We woke up early after a horrible nights’ sleep on welcome kit sheets. We simultaneously got the kids ready for school and hurriedly continued to organize. The movers were coming at 9:00. Time was short. I often feel no matter how much time we have to prepare for pack-out, I can find something to do, one more thing that can be organized, one more thing that can be moved or put in a different place. There is no stopping point. You are never finished until the movers arrived, then — no matter how much you have prepared, or organized, or pre-packed — it stops at that moment and all you can do is hang in for the ride. It seems surreal before it starts. Like you can’t really believe this moment is already here. Then it starts, and chaos erupts around you. Boxes open. Wrapping paper unravels. And packing tape begins it’s familiar screech. The roller coaster begins. And there is no way to get the cart back to the station.

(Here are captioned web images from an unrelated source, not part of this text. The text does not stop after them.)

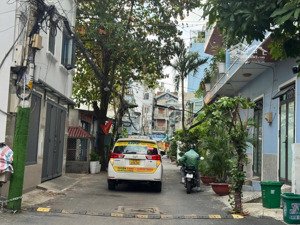 hẻm xe tải quang trung - nguyễn văn khối, gò vấp - 44m2 chỉ 4,6 tỷ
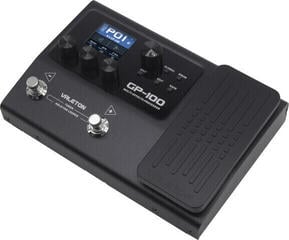 Multiefectos de guitarra Valeton GP-100 Multiefectos de guitarra - 1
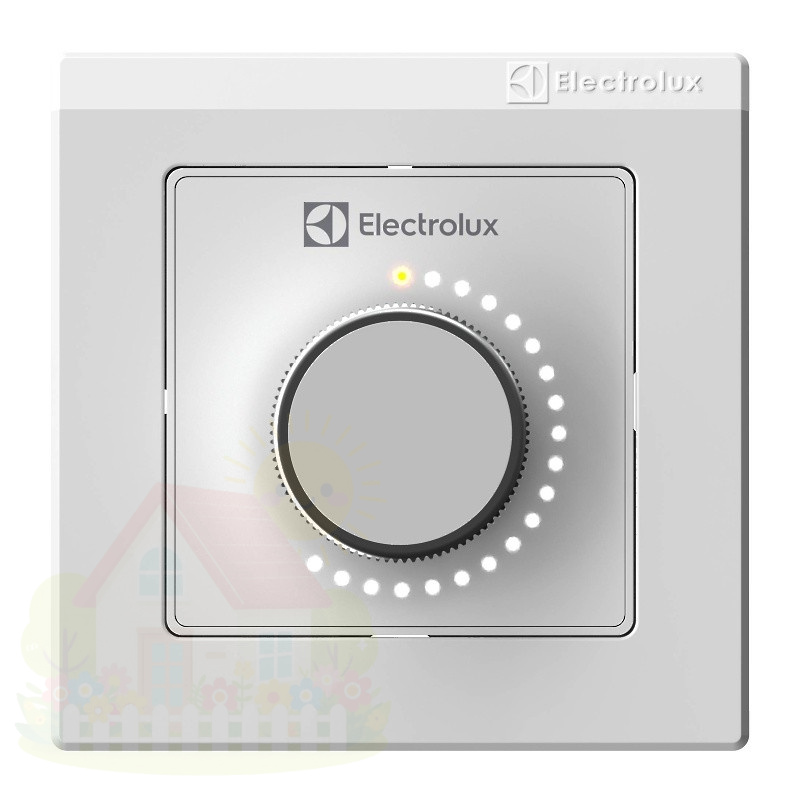 Купить Терморегулятор Electrolux ETL-16W — фото товара в каталоге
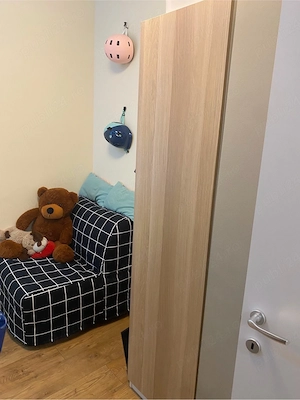 Apartament modern 2 camere + Birou | Premium Regie | Disponibil 1 Octombrie | Balcon încălzit - imagine 3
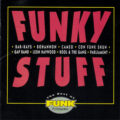 Funky Stuff: The Best Of Funk Essentials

Yesterday, for really no reason at all except for that it sounded really good, we ordered a whole funfetti, rainbow sprinkles birthday cake from Hala’s Treats. It was no one’s birthday, but likely the end of the school year and pack-out were reasons enough to have a cake on hand. About halfway through the day found Elise and I hiding in the bathroom eating cake, because we didn’t want to eat cake in front of the fasting movers.
Because it’s Ramadan, the packers only work until 2:00, but since they are fasting, they work nonstop and almost finish the whole house. When the kids get home from school, we allow them to abscond themselves in the one room we cleared completely and marked “Do Not Pack” with a yellow Post-It note and play video games on the iPad, something we call iPad time which is an extremely rare treat. But the iPad wasn’t fully charged and soon died, sending the two boys into an emotional tailspin. They became surly and unpleasant and neither Elise nor I knew if they were hungry, were emotionally burnt out from the last few days of school and preparing to leave Jordan, or suffering some sort of withdrawal from the iPad. The screen sometimes has the same effect as crack cocaine on their developing brains. What Elise and I did agree on was it would have been more unusual had they not been surly and unpleasant given all that was going on around them.
And then — in the middle of it all — we got our housing assignment in Colombo!
Elise and Clementine escaped for some pool time and green apple slushies. I couldn’t convince Peter and Sam to go. They stayed home to watch nature shows. There is something equally grounding in hearing a Brit narrate a documentary on caterpillars and toucans.